**Exercise prompt**
Please write out exactly the lines from the one with "Jalan tol Probowangi/ ig @pp_probowangi3" through the end of the data below, both ends included, and omit any pictures.

**Data section**
▬▬▬
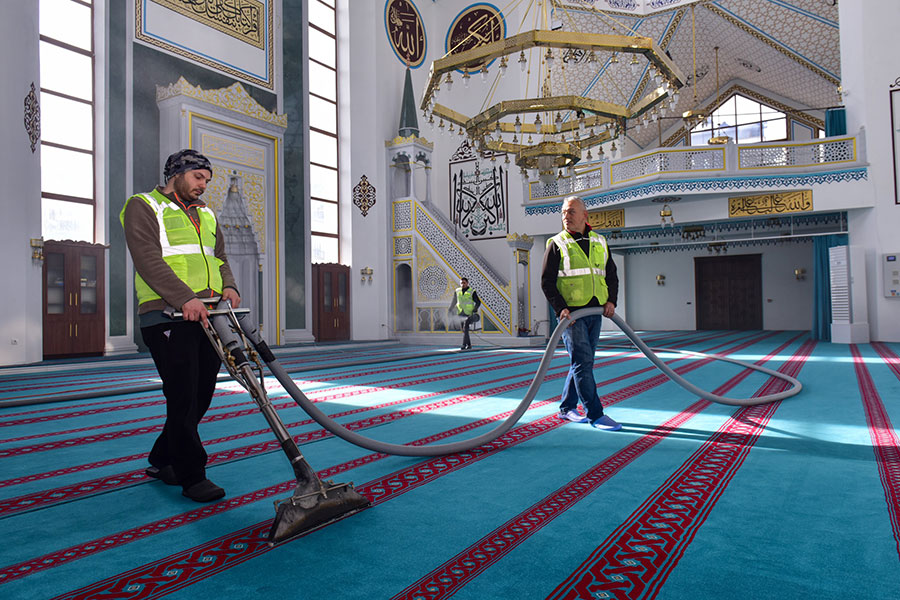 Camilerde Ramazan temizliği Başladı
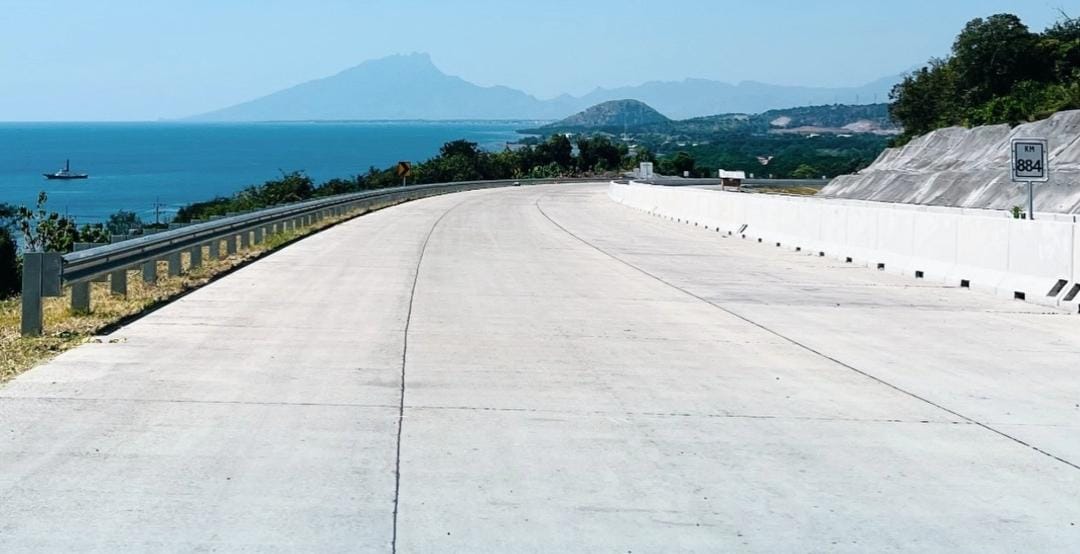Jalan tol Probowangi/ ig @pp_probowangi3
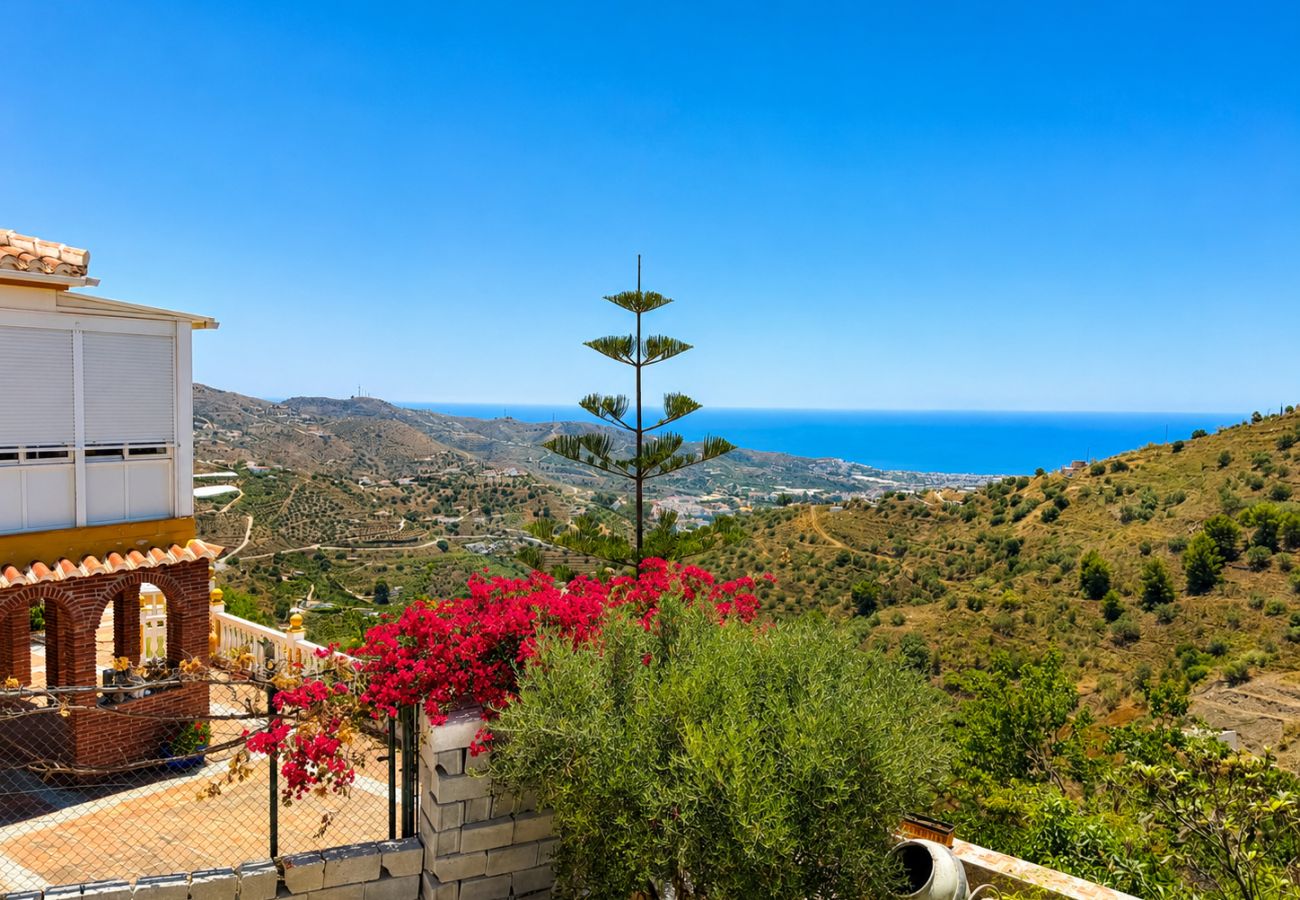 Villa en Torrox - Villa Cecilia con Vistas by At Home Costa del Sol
▬▬▬
**Solved exercise**
Jalan tol Probowangi/ ig @pp_probowangi3
 Villa en Torrox - Villa Cecilia con Vistas by At Home Costa del Sol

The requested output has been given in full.